Hao Wu

Machine Learning Research
Engineer at Verses.AI

Welcome to my website! I am researcher in Machine Learning, with expertises in Deep Generative Modeling, Amortized Variational Inference, and Probabilistic Programming. Essentially I am interested in developing machine learning systems that can generalize to sparse data, provide data-efficient inference, and uncover structure from data. Check out my Research Statement for details.

I acquired my Ph.D degree in Computer Science at Northeastern University, where I was advised with Prof. Jan-Willem van de Meent. Before that I had my M.Sc in Computer Science at University of Virginia and my M.Sc in Applied Mathematics from University of Washington.

News

Aug 2023 : I successfully defended my PhD! I will be joining Verses.AI as a Machine Learning Research Engineer soon. Looking forward to the next journey!

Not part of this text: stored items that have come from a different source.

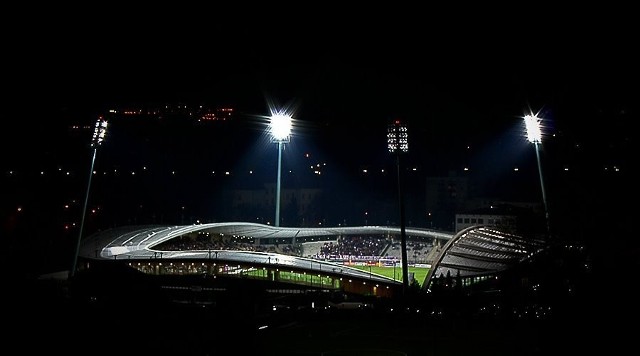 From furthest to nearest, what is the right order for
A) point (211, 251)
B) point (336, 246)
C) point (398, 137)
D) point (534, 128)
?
point (336, 246), point (534, 128), point (398, 137), point (211, 251)

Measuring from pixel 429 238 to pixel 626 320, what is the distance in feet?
72.9

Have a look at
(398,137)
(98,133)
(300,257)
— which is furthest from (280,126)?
(98,133)

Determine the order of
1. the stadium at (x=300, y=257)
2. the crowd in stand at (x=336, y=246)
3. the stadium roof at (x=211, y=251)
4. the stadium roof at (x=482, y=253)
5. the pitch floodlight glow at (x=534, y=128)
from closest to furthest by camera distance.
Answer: the stadium roof at (x=482, y=253) < the stadium at (x=300, y=257) < the stadium roof at (x=211, y=251) < the pitch floodlight glow at (x=534, y=128) < the crowd in stand at (x=336, y=246)

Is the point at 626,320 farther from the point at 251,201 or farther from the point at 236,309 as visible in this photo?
the point at 251,201

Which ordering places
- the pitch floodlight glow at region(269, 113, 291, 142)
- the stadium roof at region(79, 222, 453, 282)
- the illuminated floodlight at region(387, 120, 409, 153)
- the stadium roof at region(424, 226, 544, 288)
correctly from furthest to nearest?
the pitch floodlight glow at region(269, 113, 291, 142), the illuminated floodlight at region(387, 120, 409, 153), the stadium roof at region(79, 222, 453, 282), the stadium roof at region(424, 226, 544, 288)

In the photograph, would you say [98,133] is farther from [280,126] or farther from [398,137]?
[398,137]

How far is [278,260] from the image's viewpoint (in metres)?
23.8

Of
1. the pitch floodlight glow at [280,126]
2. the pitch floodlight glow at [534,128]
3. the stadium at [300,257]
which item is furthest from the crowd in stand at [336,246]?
the pitch floodlight glow at [534,128]

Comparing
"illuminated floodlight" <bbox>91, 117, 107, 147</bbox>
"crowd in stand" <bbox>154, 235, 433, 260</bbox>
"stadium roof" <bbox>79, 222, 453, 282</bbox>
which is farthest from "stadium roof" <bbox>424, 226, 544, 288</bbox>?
"illuminated floodlight" <bbox>91, 117, 107, 147</bbox>

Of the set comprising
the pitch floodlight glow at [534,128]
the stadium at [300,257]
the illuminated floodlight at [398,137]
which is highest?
the pitch floodlight glow at [534,128]

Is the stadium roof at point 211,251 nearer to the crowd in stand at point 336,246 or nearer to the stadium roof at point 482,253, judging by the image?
the crowd in stand at point 336,246

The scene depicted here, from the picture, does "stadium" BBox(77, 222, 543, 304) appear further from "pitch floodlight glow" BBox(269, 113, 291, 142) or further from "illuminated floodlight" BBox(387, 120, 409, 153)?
"pitch floodlight glow" BBox(269, 113, 291, 142)

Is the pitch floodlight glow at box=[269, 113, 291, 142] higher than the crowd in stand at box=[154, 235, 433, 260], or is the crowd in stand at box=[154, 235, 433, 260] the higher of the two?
the pitch floodlight glow at box=[269, 113, 291, 142]

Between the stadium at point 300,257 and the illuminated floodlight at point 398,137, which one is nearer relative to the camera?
the stadium at point 300,257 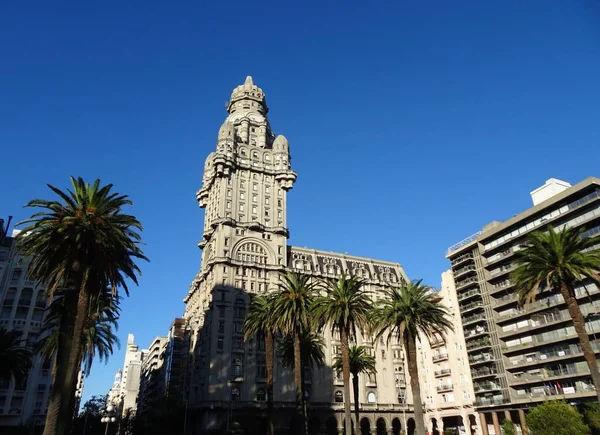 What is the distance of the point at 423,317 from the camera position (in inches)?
1961

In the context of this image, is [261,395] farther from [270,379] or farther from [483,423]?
[483,423]

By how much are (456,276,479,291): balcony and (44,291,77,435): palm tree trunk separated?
228 feet

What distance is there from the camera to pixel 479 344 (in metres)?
81.1

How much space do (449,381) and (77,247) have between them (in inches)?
3004

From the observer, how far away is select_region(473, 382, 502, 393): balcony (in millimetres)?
77006

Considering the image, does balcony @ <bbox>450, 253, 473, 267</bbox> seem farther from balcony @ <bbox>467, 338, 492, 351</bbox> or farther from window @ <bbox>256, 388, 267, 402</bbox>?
window @ <bbox>256, 388, 267, 402</bbox>

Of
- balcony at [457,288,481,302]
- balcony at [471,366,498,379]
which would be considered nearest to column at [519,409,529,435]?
balcony at [471,366,498,379]

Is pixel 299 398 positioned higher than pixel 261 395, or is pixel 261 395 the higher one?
pixel 261 395

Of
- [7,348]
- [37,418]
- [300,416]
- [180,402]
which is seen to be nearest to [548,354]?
[300,416]

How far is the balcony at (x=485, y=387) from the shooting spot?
253 ft

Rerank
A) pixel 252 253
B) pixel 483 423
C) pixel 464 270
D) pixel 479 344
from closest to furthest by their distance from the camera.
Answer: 1. pixel 483 423
2. pixel 479 344
3. pixel 464 270
4. pixel 252 253

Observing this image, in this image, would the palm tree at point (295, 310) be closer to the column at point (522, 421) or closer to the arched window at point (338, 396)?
the arched window at point (338, 396)

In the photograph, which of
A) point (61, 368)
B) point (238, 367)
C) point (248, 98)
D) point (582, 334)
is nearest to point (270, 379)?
point (61, 368)

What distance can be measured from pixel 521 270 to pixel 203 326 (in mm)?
61655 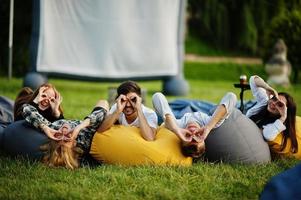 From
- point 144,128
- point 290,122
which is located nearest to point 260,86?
point 290,122

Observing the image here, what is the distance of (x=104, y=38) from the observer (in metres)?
11.2

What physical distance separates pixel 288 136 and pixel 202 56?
18388 mm

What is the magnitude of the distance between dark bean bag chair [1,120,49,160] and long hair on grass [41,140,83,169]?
190 mm

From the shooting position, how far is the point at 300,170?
393 cm

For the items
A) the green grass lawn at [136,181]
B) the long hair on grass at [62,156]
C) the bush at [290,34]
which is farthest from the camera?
the bush at [290,34]

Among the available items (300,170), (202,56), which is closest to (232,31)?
(202,56)

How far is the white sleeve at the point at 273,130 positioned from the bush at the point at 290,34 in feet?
37.3

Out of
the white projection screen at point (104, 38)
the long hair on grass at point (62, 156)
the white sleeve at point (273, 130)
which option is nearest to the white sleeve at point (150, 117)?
the long hair on grass at point (62, 156)

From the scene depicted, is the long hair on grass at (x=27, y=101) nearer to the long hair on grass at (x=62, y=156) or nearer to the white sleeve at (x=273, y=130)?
the long hair on grass at (x=62, y=156)

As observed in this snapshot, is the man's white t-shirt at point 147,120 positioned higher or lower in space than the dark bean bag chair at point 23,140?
higher

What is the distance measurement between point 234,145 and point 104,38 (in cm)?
665

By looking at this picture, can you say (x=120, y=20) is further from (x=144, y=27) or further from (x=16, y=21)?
(x=16, y=21)

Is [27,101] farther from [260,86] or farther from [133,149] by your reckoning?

May 2022 : I am excited to be joining Google Research for an internship and working on variational inference on deep switching dynamical systems!

Selected Publications

zimmermann_nvi_2021
Nested Variational Inference
Conference on Neural Information Processing Systems (NeurIPS), 2021
Heiko Zimmermann, Hao Wu, Babak Esmaeili, Sam Stites, Jan-Willem van de Meent
We develop nested variational inference (NVI), a family of methods that learn proposals for nested importance samplers by minimizing an forward or reverse KL divergence at each level of nesting. NVI is applicable to many commonly-used importance sampling strategies and provides a mechanism for learning intermediate densities, which can serve as heuristics to guide the sampler.In our experiments we observe that optimizing nested objectives leads to improved sample quality in terms of log average weight and effective sample size. [Paper]
stites_combinators_2021
Learning Proposals for Probabilistic Programs with Inference Combinators
Uncertainty in Artificial Intelligence (UAI), 2021
Sam Stites*, Heiko Zimmermann*, Hao Wu, Eli Sennesh, Jan-Willem van de Meent
We develop operators for construction of proposals in probabilistic programs, which we refer to as inference combinators. Inference combinators define a grammar over importance samplers that compose primitive operations such as application of a transition kernel and importance resampling. Proposals in these samplers can be parameterized using neural networks, which in turn can be trained by optimizing variational objectives. The result is a framework for user-programmable variational methods that are correct by construction and can be tailored to specific models. [Paper]
wu_cebm_2021
Conjugate Energy-Based Models
International Conference on Machine Learning (ICML), 2021
Hao Wu*, Babak Esmaeili*, Michael Wick, Jean-Baptiste Tristan, Jan-Willem van de Meent
We propose conjugate energy-based models (CEBMs), a class of deep latent-variable models with a tractable posterior. CEBMs have similar use cases as variational autoencoders, in the sense that they learn an unsupervised mapping between data and latent variables. However these models omit a generator, which allows them to learn more flexible notions of similarity between data points. Our experiments demonstrate that CEBMs achieve competitive results in terms of image modelling, predictive power of latent space, and out-of-distribution detection on a variety of datasets. [Paper]
wu_amortized_2020
Amortized Population Gibbs Samplers with Neural Sufficient Statistics
International Conference on Machine Learning (ICML), 2020
Hao Wu, Heiko Zimmermann, Eli Sennesh, Tuan Anh Le, Jan-Willem van de Meent
We develop amortized population Gibbs (APG) samplers, a class of scalable methods that frame structured variational inference as adaptive importance sampling. APG samplers construct high-dimensional proposals by iterating over updates to lower-dimensional blocks of variables. We train each conditional proposal by minimizing the inclusive KL divergence with respect to the conditional posterior. To appropriately account for the size of the input data, we develop a new parameterization in terms of neural sufficient statistics. Experiments show that APG samplers can be used to train highly-structured deep generative models in an unsupervised manner. [Paper]
esmaeili_hfvae_2019
Structured Disentangled Representations
Artificial Intelligence and Statistics (AISTATS), 2019
Babak Esmaeili, Hao Wu, Sarthak Jain, Alican Bozkurt, N. Siddharth, Brooks Paige, Dana H. Brooks, Jennifer Dy, Jan-Willem van de Meent
Deep latent-variable models learn representations of high-dimensional data in an unsupervised manner. A number of recent efforts have focused on learning representations that disentangle statistically independent axes of variation by introducing modifications to the standard objective function. These approaches generally assume a simple diagonal Gaussian prior and as a result are not able to reliably disentangle factors of variation. We propose a two-level hierarchical objective to control relative degree of statistical independence between blocks of variables and individual variables within blocks. [Paper]